CumConcatLayer wip ...

albertz · Zettelkasten · albertz · commit 66a36b084903 · 2021-08-25T16:50:55.000+02:00
Co-authored-by: Frithjof &lt;fmpetrick@gmail.com&gt;
diff --git a/returnn/tf/layers/rec.py b/returnn/tf/layers/rec.py
@@ -8495,3 +8495,154 @@ def get_out_data_from_opts(cls, name, sources, n_out, **kwargs):
         kind=DimensionTag.Types.Spatial, description="%s_rel_pos_enc_time" % name, dimension=None)
       data = data.copy_template_new_dim_tags((dummy_dim_tag, time_dim_tag, feature_dim_tag))
     return data
+
+
+class CumConcatLayer(_ConcatInputLayer):
+  """
+  Concatenates all previous frames of a time-axis.

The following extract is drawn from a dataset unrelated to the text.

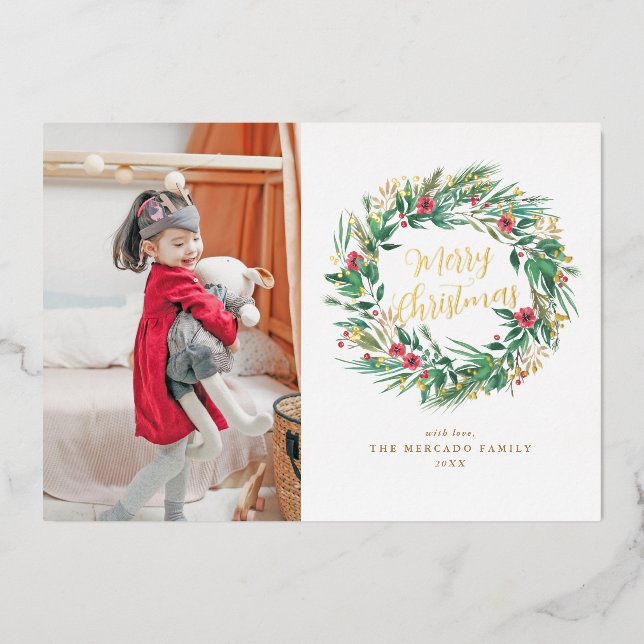 Aquarellkiefer und Berry Kranz Weihnachtsfest Foto Folieneinladung (Vorderseite)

+  Like :class:`CumsumLayer` uses `sum`, this layer uses `concat`.
+
+  This layer expects to be inside a :class:`RecLayer`.
+
+  Inside a rec loop (not optimized out),
+  this will concatenate the current input
+  to the previous accumulated inputs.
+  For an input of shape `input_shape`,
+  it will output a tensor of shape `[new_dim] + input_shape`.
+  `new_dim` is a special dimension, usually of length `i`,
+  where `i` is the current loop frame,
+  i.e. the length increases in every loop frame.
+  `new_dim` is specified by a separate own dim tag.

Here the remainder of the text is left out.